このスクリプトを node1 から実行して、構成データをアップグレードします。
このスクリプトは、スクリプトが生成されたクラスタとローカルクラスタの特性を比較します。これらの特性が同じでない場合、このスクリプトはエラーを書き込んで終了します。次に、-f オプションを使用してスクリプトを実行し直すかどうかをたずねるメッセージが表示されます。-f オプションを使用した場合、上記のような特性の違いを無視して、スクリプトを強制的に実行します。-f オプションを使用した場合、クラスタ内に不整合がないことを確認します。

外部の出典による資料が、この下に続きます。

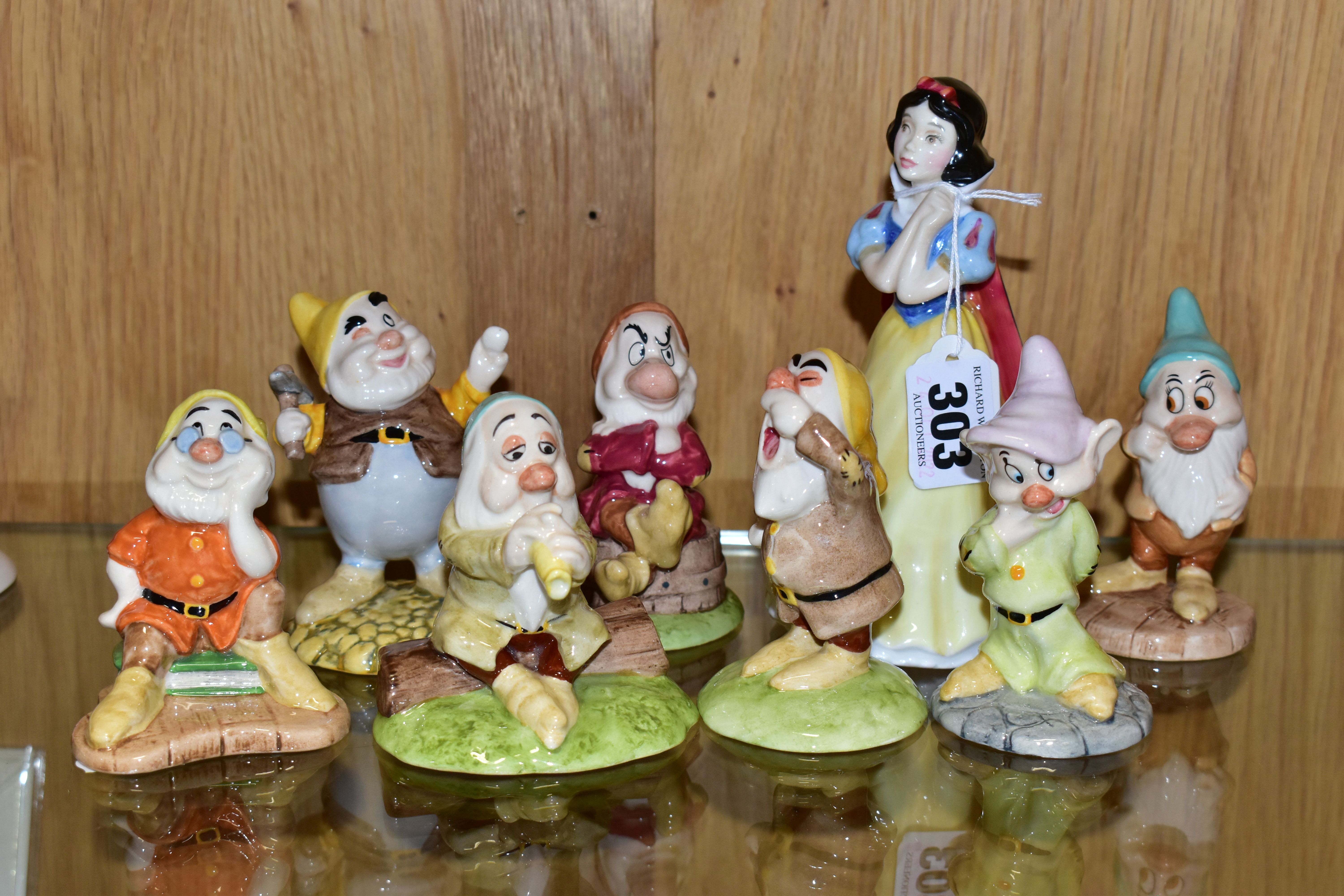 EIGHT BOXED ROYAL DOULTON FIGURES FROM SNOW WHITE AND THE SEVEN DWARFS, comprising Snow White SW9,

このスクリプトは、Sun Cluster リソースタイプがローカルクラスタ上に存在することを確認します。リソースタイプがローカルクラスタに存在しない場合、このスクリプトはエラーを書き込んで終了します。もう一度スクリプトを実行する前に、存在しないリソースタイプをインストールするかどうかをたずねるメッセージが表示されます。
Sun Cluster 製品で提供されるデータサービスには、障害モニターが組み込まれています。障害モニターは、次の機能を実行します。
データサービスサーバーのプロセスの予期せぬ終了を検出する
データサービスの健全性の検査
障害モニターは、データサービスが作成されたアプリケーションを表現するリソースに含まれます。このリソースは、データサービスを登録および構成したときに作成します。詳細は、データサービスのマニュアルを参照してください。
障害モニターの動作は、当該リソースのシステムプロパティーと拡張プロパティーによって制御されます。事前に設定された障害モニターの動作は、これらのプロパティーのデフォルト値に基づいています。現在の動作は、ほとんどの Sun Cluster システムに適しているはずです。したがって、障害モニターを調整するのは、事前に設定されたこの動作を変更したい場合「だけに」留めるべきです。
障害モニターを調整するには、次の作業が含まれます。
障害モニターの検証間隔を設定する。
障害モニターの検証タイムアウトを設定する。
継続的な障害とみなす基準を定義する。
リソースのフェイルオーバー動作を指定する
これらの作業は、データサービスの登録と構成の際に行います。詳細は、データサービスのマニュアルを参照してください。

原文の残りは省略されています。